DATASET RECORDS Start Marker
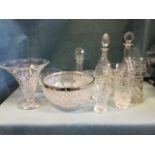 Miscellaneous cut glass including bowls, vases, decanters & stoppers, a large fruitbowl with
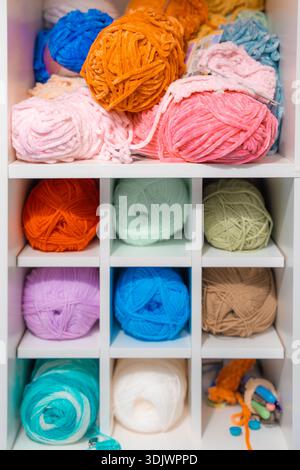 Multicolored yarn balls organized in white shelving unit for knitting and crochet storage Stock Photo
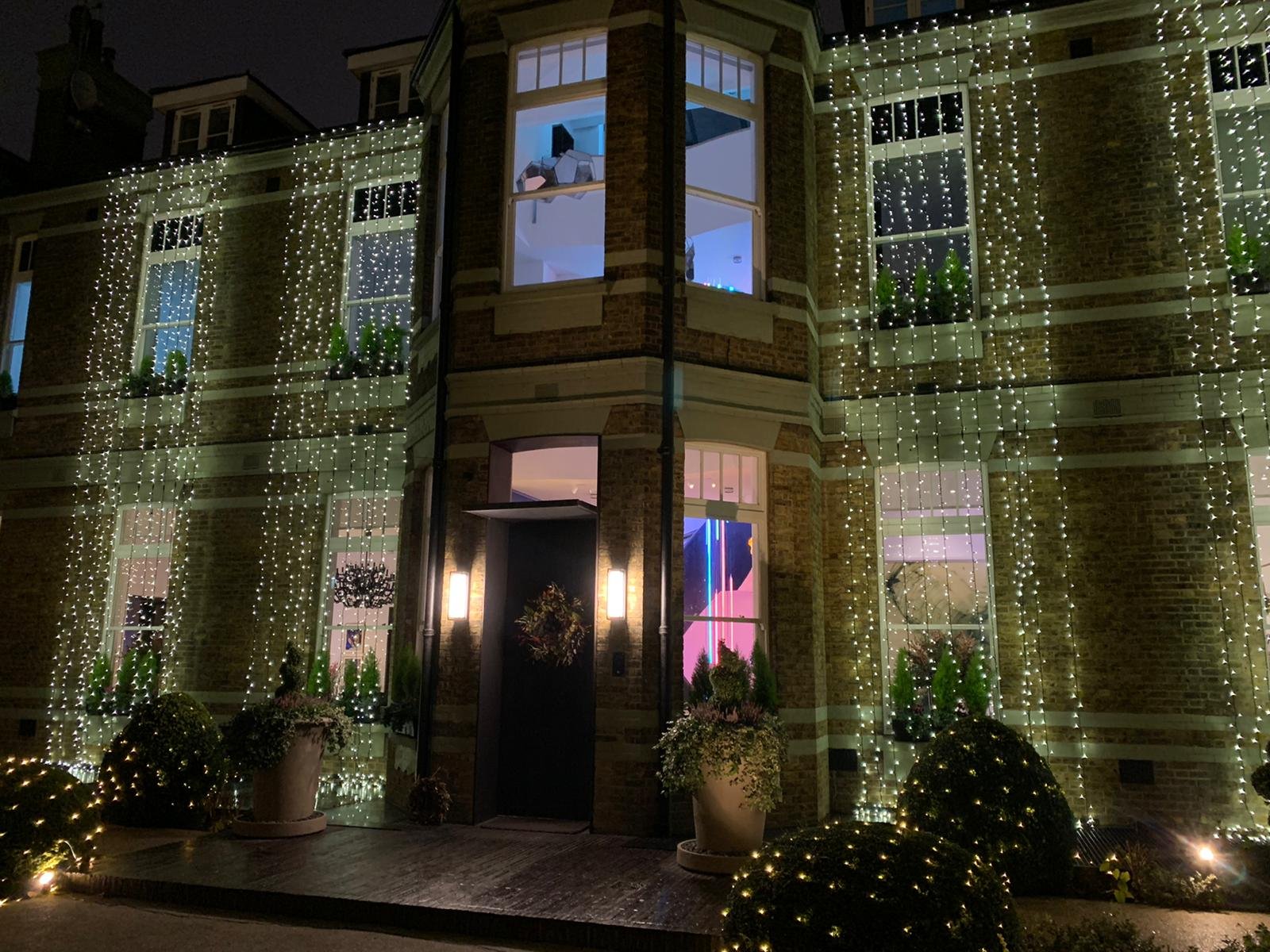 A multi-story house decorated with string lights around the windows and entrance at night. Potted plants and shrubs are visible in the front yard, illuminated by additional outdoor lighting.
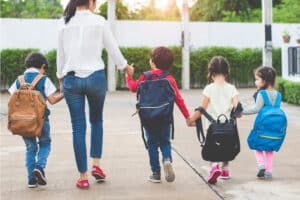 An adult and four young children with backpacks walk hand in hand on a paved path outdoors, embodying Back-to-school bus safety: A Family Guide for Northland Kids & Parents, surrounded by greenery as they head away from the camera.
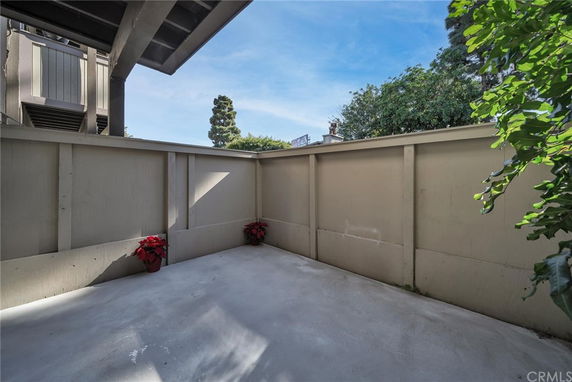 An enclosed outdoor patio area with a concrete floor and high walls, with some potted plants and a glimpse of trees above the walls.
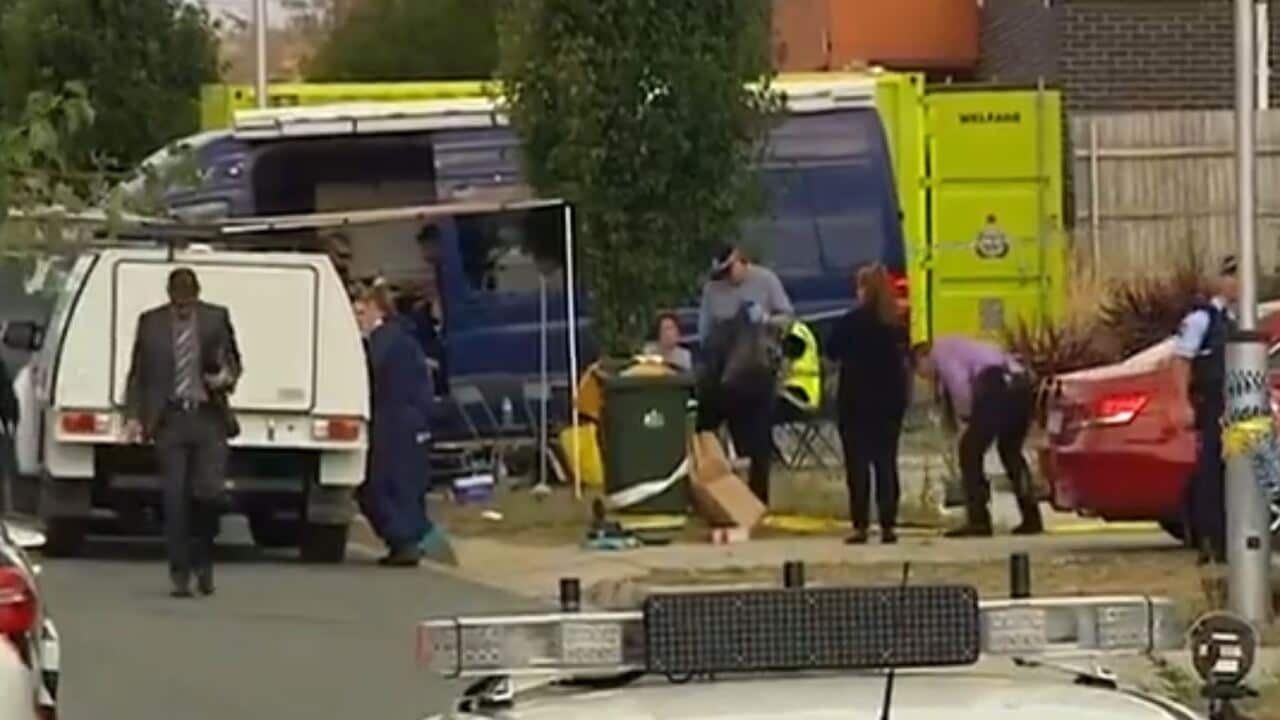The smoke blanketing the area where a house fire broke in Canberra, killing three people.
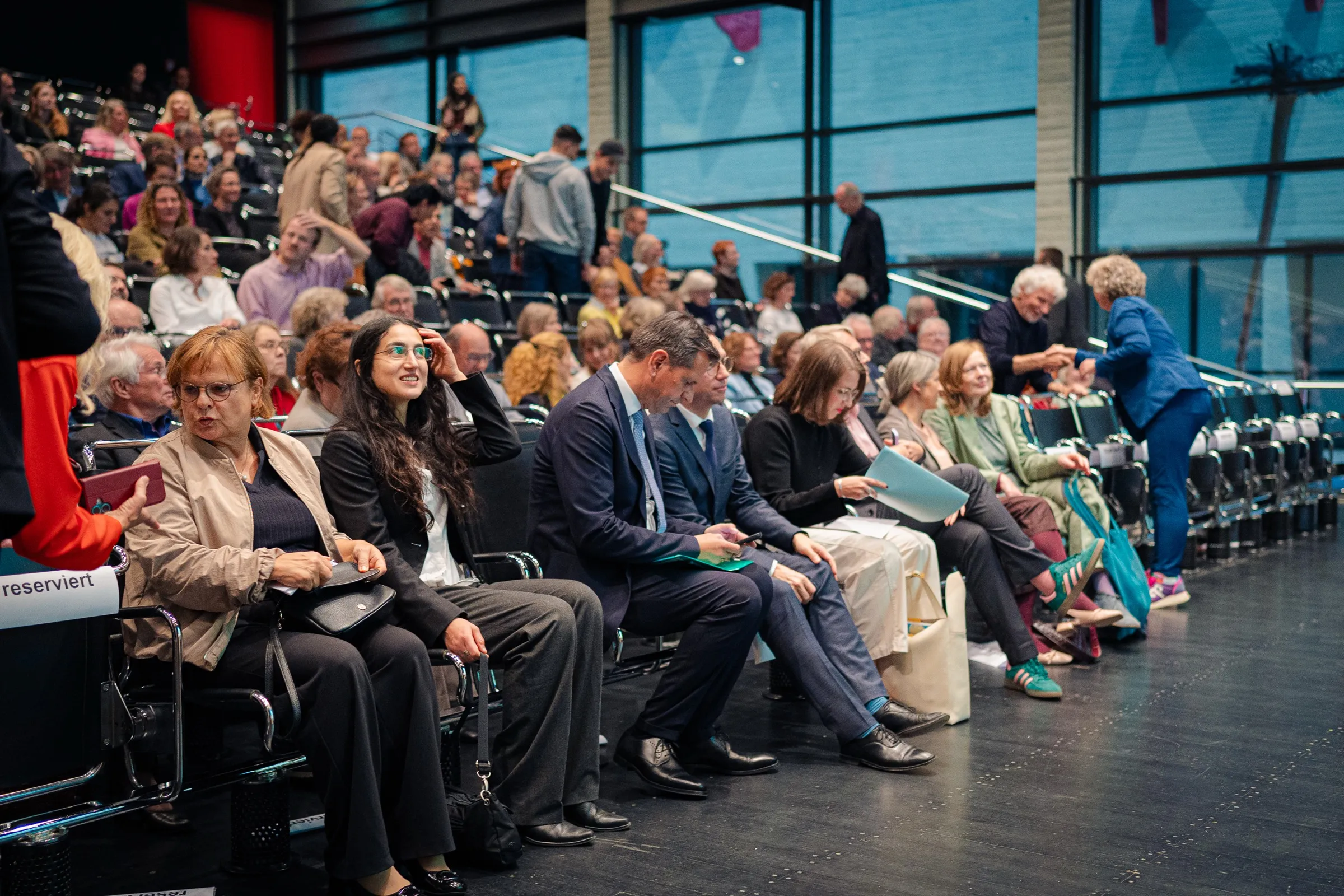 The front row just before the start, guests in suits and blazers, the rising stands in front of large windows behind them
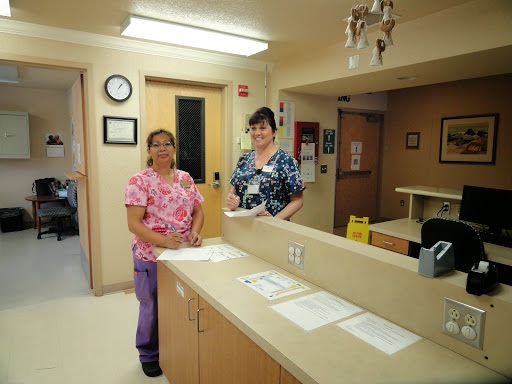 Two healthcare professionals in a hospital reception area.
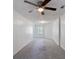 Upstairs bonus room with neutral carpet and a ceiling fan at 1720 Greystone Trce, Conyers, GA 30013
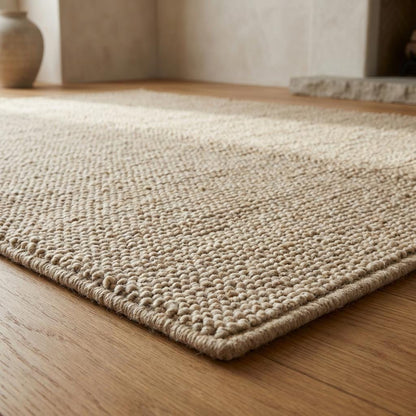 Handwoven chunky wool rug with thick looped texture in neutral beige for cozy farmhouse decor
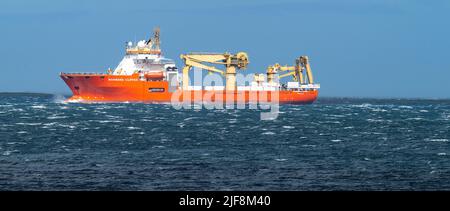 The Normand Clipper, operated by Global Marine, laying communications cables near Eday, Orkney Islands Stock Photo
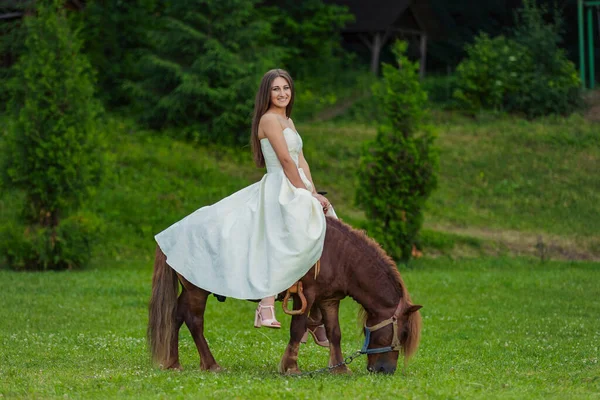 Menina Vestido Branco Monta Pônei Gramado Verde — Fotografia de Stock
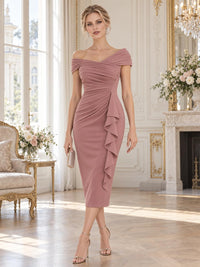 Front view of a dusty rose chiffon mother of the bride dress featuring an off-the-shoulder crossover neckline, diagonal ruched bodice, fitted sheath silhouette, cascading side ruffle and elegant tea-length hem.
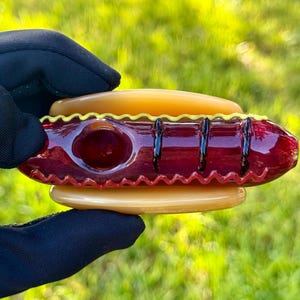 May include: A glass pipe shaped like a hot dog with a yellow and red design. The pipe is held in a hand wearing a black glove.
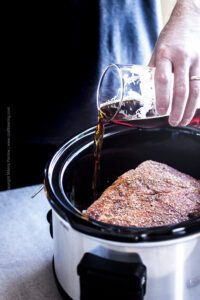 Cooking with beer - brown ale is poured into a crock pot for beer pulled pork.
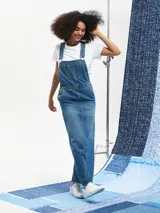 Jumper largo de denim azul con breteles regulables, bolsillos frontales y corte recto.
DATASET RECORDS End Marker
Each line in the records above should be reproduced exactly; images are not copied.

**FINISHED EXERCISE:**
 Miscellaneous cut glass including bowls, vases, decanters & stoppers, a large fruitbowl with
 Multicolored yarn balls organized in white shelving unit for knitting and crochet storage Stock Photo
 A multi-story house decorated with string lights around the windows and entrance at night. Potted plants and shrubs are visible in the front yard, illuminated by additional outdoor lighting.
 An adult and four young children with backpacks walk hand in hand on a paved path outdoors, embodying Back-to-school bus safety: A Family Guide for Northland Kids & Parents, surrounded by greenery as they head away from the camera.
 An enclosed outdoor patio area with a concrete floor and high walls, with some potted plants and a glimpse of trees above the walls.
The smoke blanketing the area where a house fire broke in Canberra, killing three people.
 The front row just before the start, guests in suits and blazers, the rising stands in front of large windows behind them
 Two healthcare professionals in a hospital reception area.
 Upstairs bonus room with neutral carpet and a ceiling fan at 1720 Greystone Trce, Conyers, GA 30013
 Handwoven chunky wool rug with thick looped texture in neutral beige for cozy farmhouse decor
 The Normand Clipper, operated by Global Marine, laying communications cables near Eday, Orkney Islands Stock Photo
 Menina Vestido Branco Monta Pônei Gramado Verde — Fotografia de Stock
 Front view of a dusty rose chiffon mother of the bride dress featuring an off-the-shoulder crossover neckline, diagonal ruched bodice, fitted sheath silhouette, cascading side ruffle and elegant tea-length hem.
 May include: A glass pipe shaped like a hot dog with a yellow and red design. The pipe is held in a hand wearing a black glove.
 Cooking with beer - brown ale is poured into a crock pot for beer pulled pork.
 Jumper largo de denim azul con breteles regulables, bolsillos frontales y corte recto.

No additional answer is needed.